Just like parenting, a big part of coaching is teaching kids to play well together, especially come tournament time. So even though the late Rick Majerus isn't in the frame, most of what you need to know about Saint Louis University's chances heading into the NCAAs can be found here: http://t.co/81ZIMICb4R .

It's a photo of the Billikens team watching the tournament selection show Sunday afternoon at a Best Buy in Secaucus, N.J.

And yes, that's the Atlantic 10 tournament trophy sitting at their feet, just to the left of the TV.

They won it a few hours earlier in Brooklyn, beating VCU to cap what's already been a whirlwind regular season, and were on their way to the airport when they ran into New York traffic. Some celebration that was turning out to be.

But without any fuss — because that is the Saint Louis way — the team bus pulled off the road and into the parking lot at Best Buy to find out where they were seeded (No. 4 in the Midwest) and who they were matched against (New Mexico State).

Soon after their arrival, store manager Jen Hart tweeted: "I brought them in the Magnolia room" — who knew the rooms at Best Buy had names? — "and the next thing I know there (are) 30 guys there."

Afterward, she sent this dispatch back to corporate headquarters in Minneapolis: "A couple of minutes later, they all started screaming. They thanked us 100 times, helped move the chairs back and got on the bus. Customers were asking what was going on. It was really cool. They were really nice guys."
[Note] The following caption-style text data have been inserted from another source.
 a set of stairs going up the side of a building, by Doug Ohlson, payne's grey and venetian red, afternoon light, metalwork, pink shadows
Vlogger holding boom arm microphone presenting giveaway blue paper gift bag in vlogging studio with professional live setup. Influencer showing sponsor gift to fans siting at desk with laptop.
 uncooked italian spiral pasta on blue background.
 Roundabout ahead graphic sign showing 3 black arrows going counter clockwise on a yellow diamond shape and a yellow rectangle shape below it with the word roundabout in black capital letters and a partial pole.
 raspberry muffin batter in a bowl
Also absent from the photo — but not from the celebration — was Jim Crews, another coaching lifer and close pal whom Majerus enlisted to take over at Saint Louis as his own health started failing. Majerus, a giant of a man who died of heart failure in December at age 64, was the best dinner guest in America. He loved basketball and eating, and he was a genius at both. Heck, his autobiography is titled "My Life on a Napkin."

But Majerus was even better at teaching kids to seize every other opportunity life put in front of them, too. He grew up the son of a union stalwart from Milwaukee who dragged him along on open-housing marches, and his recruiting pitches were so honest that he always won over the parents, if not the kids. When Majerus was at Utah, Keith Van Horn's mother called and asked him to break the news to her son that Van Horn's father had a fatal heart attack. The coach took him to a 24-hour greasy spoon called Bill and Nada's in downtown Salt Lake City, where the two talked and pushed their eggs around the plate until Van Horn's flight home the next morning.
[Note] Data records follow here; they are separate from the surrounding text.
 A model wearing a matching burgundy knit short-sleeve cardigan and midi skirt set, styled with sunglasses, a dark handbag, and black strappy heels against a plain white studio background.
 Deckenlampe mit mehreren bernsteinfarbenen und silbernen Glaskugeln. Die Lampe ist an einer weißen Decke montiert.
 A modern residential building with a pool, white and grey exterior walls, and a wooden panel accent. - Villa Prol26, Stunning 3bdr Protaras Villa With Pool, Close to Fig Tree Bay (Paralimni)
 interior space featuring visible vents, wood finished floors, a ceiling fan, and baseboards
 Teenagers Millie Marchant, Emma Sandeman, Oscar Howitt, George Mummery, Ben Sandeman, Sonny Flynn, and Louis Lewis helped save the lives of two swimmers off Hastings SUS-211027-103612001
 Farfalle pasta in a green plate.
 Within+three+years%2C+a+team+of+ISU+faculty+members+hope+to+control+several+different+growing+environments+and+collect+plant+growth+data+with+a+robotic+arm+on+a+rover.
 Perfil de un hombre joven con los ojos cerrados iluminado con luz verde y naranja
This Saint Louis team was recruited and nurtured by Majerus, and it's a tribute to Crews that they play the way Majerus so loved: sharing the ball on offense and zealously covering each other's backs on the other end of the floor. It didn't hurt of course, that Crews learned those same principles playing guard for Bobby Knight's undefeated national championship team in 1976, and employed them during 17 seasons coaching at Evansville and 7 more at Army.

He's such a good teacher, in fact, that even though the Billikens have won 15 of their last 16. and 11 of those by double digits — another good omen come tournament time — Crews has been careful to make sure they understand what's most important about Majerus' legacy.

"It would be great to say, 'Hey, this is for Rick. This is for Rick. This is for Rick,'" he explained. "But, you know, what if we lose? I just don't buy into that.

"Rick's life and friendship and his coaching and the relationships that he had and the people that he touched — it's a lot bigger than winning a game or winning a championship or having a good year."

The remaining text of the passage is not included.